:: EXERCISE PROMPT ::
What you return must match the listing below exactly, minus any pictures.

:: DATA BELOW ::
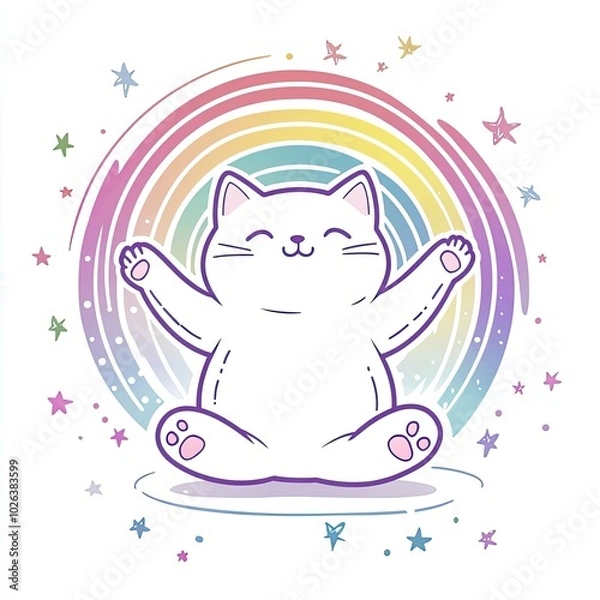 Obraz A serene cat sits in a peaceful yoga pose, surrounded by a vibrant, starry background. The scene radiates calmness and contentment.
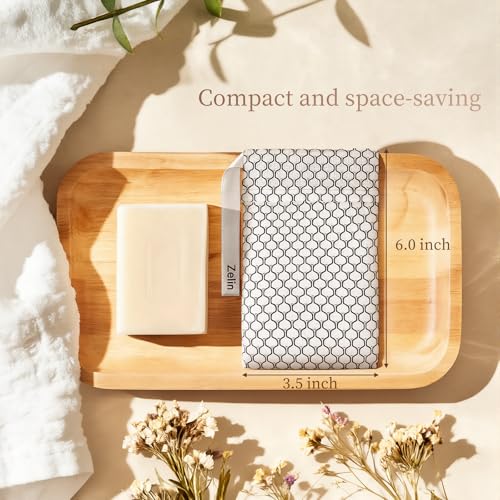zelin Soap Bags, 2 Pack Exfoliating bar soap Pouch with Double Layer Premium Fabric, Soap Saver Bag for Foaming and Skin Cleansing (Pearl White and Ink Black) - Image 3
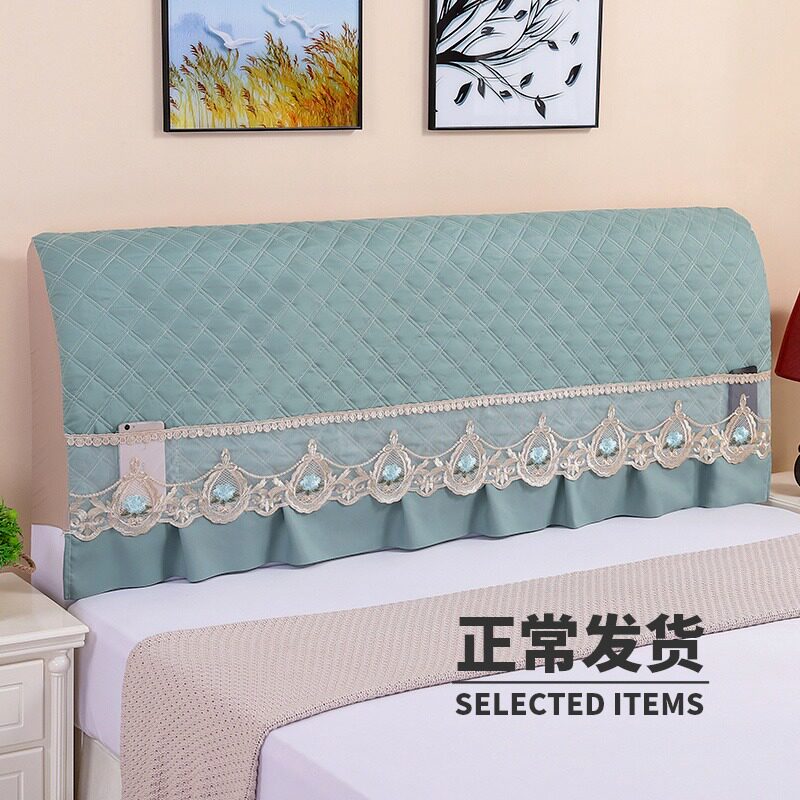 All-inclusive bedside cover elastic soft bag quilted thick dust cover 1 5 meters 1 8 solid wood bedside back bed bag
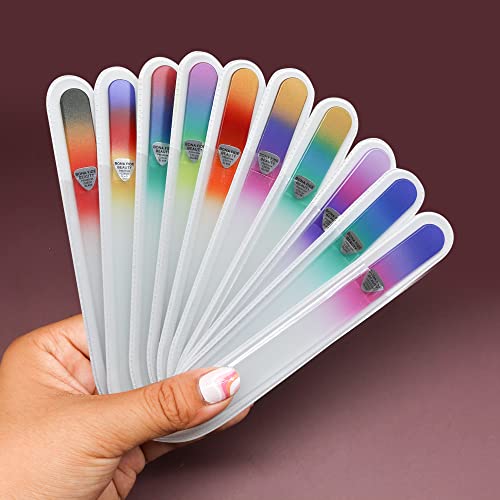 Bona Fide Beauty Czech Glass Nail Files Set - 10-Piece Crystal Nail Files Set in Sleeves, Bulk Nail Files from The EU (Multicolor)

:: TASK RESULT ::
 Obraz A serene cat sits in a peaceful yoga pose, surrounded by a vibrant, starry background. The scene radiates calmness and contentment.
zelin Soap Bags, 2 Pack Exfoliating bar soap Pouch with Double Layer Premium Fabric, Soap Saver Bag for Foaming and Skin Cleansing (Pearl White and Ink Black) - Image 3
 All-inclusive bedside cover elastic soft bag quilted thick dust cover 1 5 meters 1 8 solid wood bedside back bed bag
 Bona Fide Beauty Czech Glass Nail Files Set - 10-Piece Crystal Nail Files Set in Sleeves, Bulk Nail Files from The EU (Multicolor)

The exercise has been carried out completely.